Выбери любимый жанр

Жаворонок - Макгоуэн Энтони - Страница 13


Изменить размер шрифта:

13

А потом я понял, что этот жаворонок — не жаворонок, а душа и что теперь я один, а прекрасное создание покинуло этот мир.

19

Жаворонок - i_028.jpg

— Слушай меня, Ники. Ты меня слышишь? Посмотри на меня.

По ущелью метались лучи света. Как прожектора во время войны.

Это был мужчина. В жёлтой каске. На каске был фонарик. Я всегда хотел такой. У мужчины были усы. Кто вообще в наше время носит усы?

Я его не понимал.

— Кенни, — сказал я.

— Кенни? — переспросил мужчина. — Это твой брат?

— Да.

— С ним всё в порядке.

Вокруг были другие люди. Мужчины и одна женщина. На них на всех были жёлтые каски с фонариками и одежда из чего-то шершавого. Они все занимались мной.

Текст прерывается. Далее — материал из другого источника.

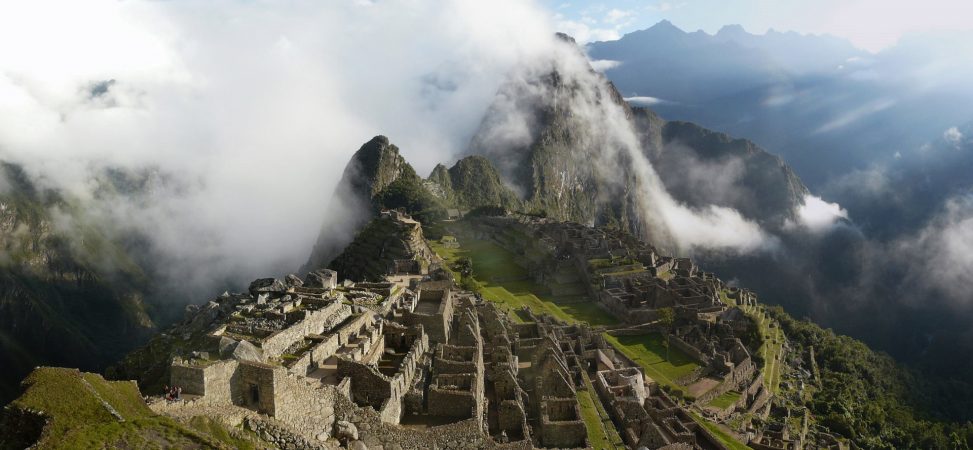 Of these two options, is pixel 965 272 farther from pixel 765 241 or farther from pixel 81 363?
pixel 81 363

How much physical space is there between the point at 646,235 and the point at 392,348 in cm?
18086

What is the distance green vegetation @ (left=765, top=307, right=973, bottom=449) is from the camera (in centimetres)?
4950

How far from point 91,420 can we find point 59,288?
112225 mm

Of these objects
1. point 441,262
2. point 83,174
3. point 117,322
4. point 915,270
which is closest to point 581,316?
point 441,262

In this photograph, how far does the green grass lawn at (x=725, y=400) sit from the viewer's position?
131ft

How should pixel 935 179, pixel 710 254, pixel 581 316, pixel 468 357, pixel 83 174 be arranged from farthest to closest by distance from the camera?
pixel 935 179 → pixel 710 254 → pixel 83 174 → pixel 581 316 → pixel 468 357

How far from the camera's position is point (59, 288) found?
103688 millimetres

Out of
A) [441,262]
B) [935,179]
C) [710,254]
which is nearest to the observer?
[441,262]

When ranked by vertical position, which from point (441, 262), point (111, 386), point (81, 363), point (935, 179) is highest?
point (935, 179)

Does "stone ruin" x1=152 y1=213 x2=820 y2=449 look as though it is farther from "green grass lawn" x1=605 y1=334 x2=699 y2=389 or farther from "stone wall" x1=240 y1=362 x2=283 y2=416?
"green grass lawn" x1=605 y1=334 x2=699 y2=389

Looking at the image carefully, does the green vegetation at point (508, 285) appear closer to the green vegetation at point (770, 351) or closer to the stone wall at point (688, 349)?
the stone wall at point (688, 349)

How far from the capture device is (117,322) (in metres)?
98.6

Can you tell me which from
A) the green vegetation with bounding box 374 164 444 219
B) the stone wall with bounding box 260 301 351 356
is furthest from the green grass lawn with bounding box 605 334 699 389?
the green vegetation with bounding box 374 164 444 219

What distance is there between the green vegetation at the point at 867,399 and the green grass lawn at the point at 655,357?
1194 centimetres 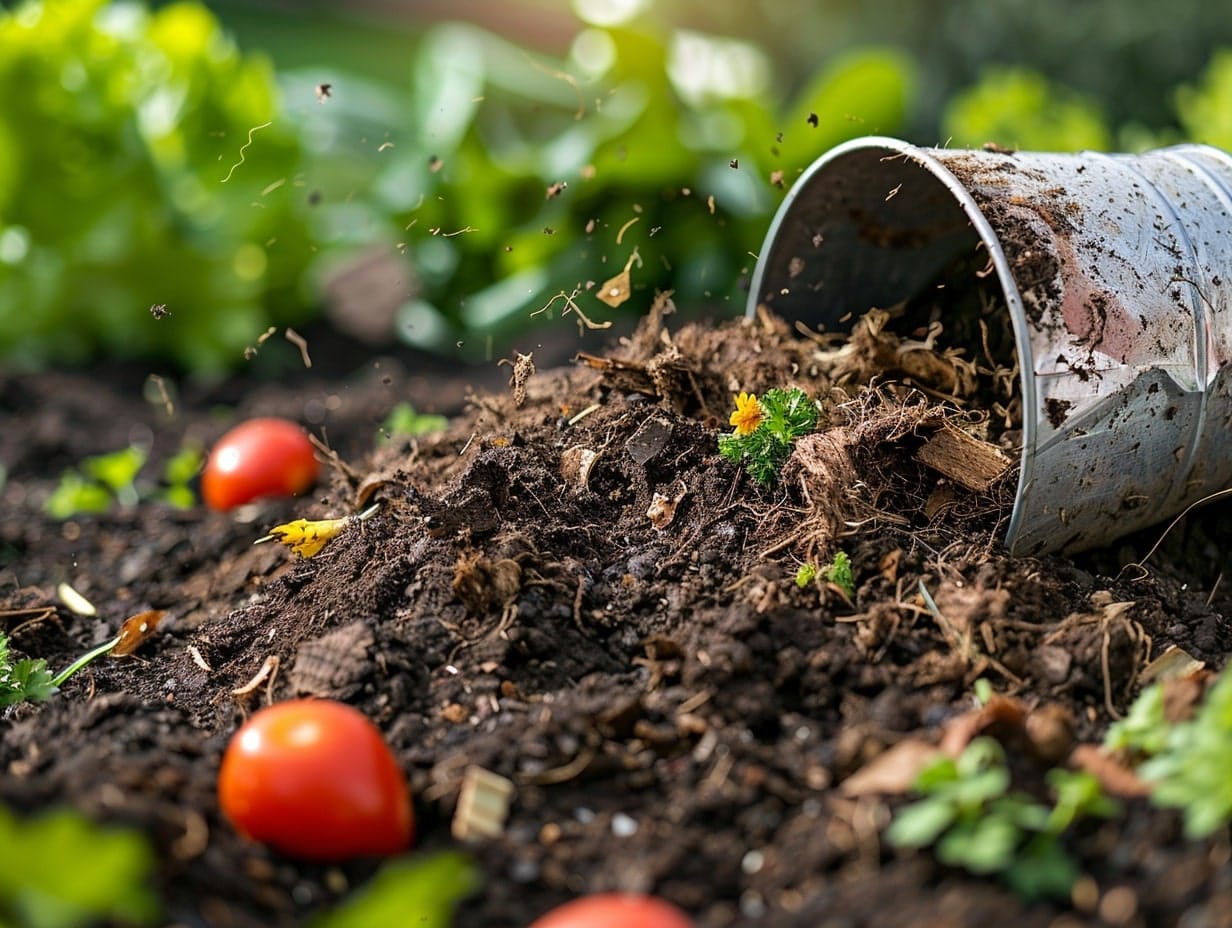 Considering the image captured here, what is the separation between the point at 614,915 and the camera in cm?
134

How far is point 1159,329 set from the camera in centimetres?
223

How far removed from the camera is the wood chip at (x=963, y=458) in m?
2.26

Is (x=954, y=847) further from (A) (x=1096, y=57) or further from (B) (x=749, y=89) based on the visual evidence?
(A) (x=1096, y=57)

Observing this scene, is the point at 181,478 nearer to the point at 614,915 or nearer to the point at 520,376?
the point at 520,376

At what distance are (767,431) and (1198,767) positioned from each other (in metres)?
1.05

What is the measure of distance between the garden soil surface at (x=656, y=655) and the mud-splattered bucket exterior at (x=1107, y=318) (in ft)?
0.49

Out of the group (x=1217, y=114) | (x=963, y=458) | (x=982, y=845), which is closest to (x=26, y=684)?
(x=982, y=845)

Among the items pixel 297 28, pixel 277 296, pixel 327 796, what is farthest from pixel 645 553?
pixel 297 28

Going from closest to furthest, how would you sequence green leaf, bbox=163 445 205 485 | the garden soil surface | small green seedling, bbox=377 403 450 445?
the garden soil surface → small green seedling, bbox=377 403 450 445 → green leaf, bbox=163 445 205 485

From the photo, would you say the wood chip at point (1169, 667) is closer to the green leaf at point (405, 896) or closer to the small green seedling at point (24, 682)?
the green leaf at point (405, 896)

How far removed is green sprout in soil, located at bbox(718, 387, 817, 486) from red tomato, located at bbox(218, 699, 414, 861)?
36.7 inches

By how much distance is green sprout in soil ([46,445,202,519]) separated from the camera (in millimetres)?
3441

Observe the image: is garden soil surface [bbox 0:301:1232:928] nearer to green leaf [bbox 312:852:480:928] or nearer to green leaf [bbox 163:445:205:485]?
green leaf [bbox 312:852:480:928]

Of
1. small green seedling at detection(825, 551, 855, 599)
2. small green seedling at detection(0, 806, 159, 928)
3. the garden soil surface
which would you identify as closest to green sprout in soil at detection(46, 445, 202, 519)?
the garden soil surface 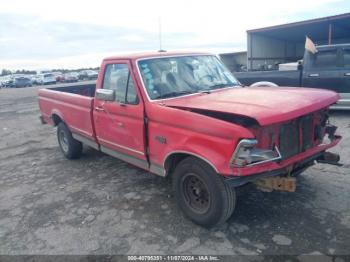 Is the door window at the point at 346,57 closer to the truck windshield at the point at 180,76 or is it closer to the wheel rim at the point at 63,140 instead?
the truck windshield at the point at 180,76

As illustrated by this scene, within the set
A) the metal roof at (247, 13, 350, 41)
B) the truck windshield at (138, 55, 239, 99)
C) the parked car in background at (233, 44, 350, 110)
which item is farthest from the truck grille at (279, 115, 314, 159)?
the metal roof at (247, 13, 350, 41)

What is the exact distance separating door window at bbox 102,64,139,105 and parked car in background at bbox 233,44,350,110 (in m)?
4.99

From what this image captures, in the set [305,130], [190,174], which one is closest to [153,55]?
[190,174]

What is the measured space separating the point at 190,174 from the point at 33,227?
210 cm

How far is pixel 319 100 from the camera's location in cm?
360

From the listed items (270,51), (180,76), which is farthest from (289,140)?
(270,51)

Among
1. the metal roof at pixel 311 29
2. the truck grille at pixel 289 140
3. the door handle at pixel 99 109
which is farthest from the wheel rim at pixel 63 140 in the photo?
the metal roof at pixel 311 29

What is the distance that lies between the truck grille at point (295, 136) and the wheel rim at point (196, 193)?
0.94m

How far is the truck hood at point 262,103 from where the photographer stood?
10.1 feet

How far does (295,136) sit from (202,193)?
3.95 ft

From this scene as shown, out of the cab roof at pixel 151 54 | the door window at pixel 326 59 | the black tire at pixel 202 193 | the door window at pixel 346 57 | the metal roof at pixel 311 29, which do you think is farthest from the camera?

— На счёт три, — сказал кто-то.

— Раз, два…

И дикая боль, ужаснейшая на свете. Меня подняли и на что-то положили. Потом завернули в фольгу.

— Ты — самая большая в мире индейка, — сказал кто-то.

— Где Кенни? — спросил я.

— Он тебя ждёт.

— Он что, умер?

— Да ты что, парень! Он в больнице. С переохлаждением. Но неплохо себя чувствует. Прямо сейчас, думаю, смотрит телик.

Все люди вокруг были чем-то заняты. Покряхтывая, возились с ремнями.

Кто-то сказал:

— Давай, пока не поздно, вытаскиваем его отсюда.

Я повернул голову и увидел Тину. Она так и лежала на камнях.

— Моя собака, — сказал я, но уже всё понял.

— Мне очень жаль, сынок, — сказал мужчина.

— Не бросайте её здесь.

— Да ни за что.

— Вы её похороните? Где-нибудь в красивом месте…

— Конечно.

— Только Кенни не говорите.

— Разумеется, не скажу.

Несколько мужчин и женщина подняли меня и понесли. Закинув назад голову, я увидел, как мужчина подбирает с камней Тину, нашу собаку, которая отдала мне последние остатки своего тепла.

Когда герой истории отключается, а потом какое-то время спустя приходит в себя, всегда кажется, что рассказчик пытается сжульничать. Ну так вот, я не отключился. Я помню, как мужчины и женщина несли меня по ущелью, то шлёпая по воде, то карабкаясь по камням. Потом спасатели потащили меня наверх, чертыхаясь и стараясь ровнее держать носилки. Потом идти стало легче, и мы вышли на дорогу, где нас, сверкая синими огнями, ждала машина скорой помощи. Пока меня несли, я всё время плакал — оплакивал Тину и лил слёзы радости за Кенни. А ещё немножко я плакал оттого, что у меня дико болела чёртова сломанная нога.

По узким извилистым дорогам мы добирались до больницы целую вечность. Ну я как бы и не возражал. Мне было тепло. Когда мы приехали, поднялась жуткая кутерьма. Слишком яркий больничный свет слепил глаза. Сёстры спрашивали одно, врачи другое. Только в больнице я заметил, что мужчина, который взял Тину, куда-то делся. Мне очень хотелось сказать спасибо ему и всем остальным. Хотя, может быть, я и сказал, но просто об этом не помнил.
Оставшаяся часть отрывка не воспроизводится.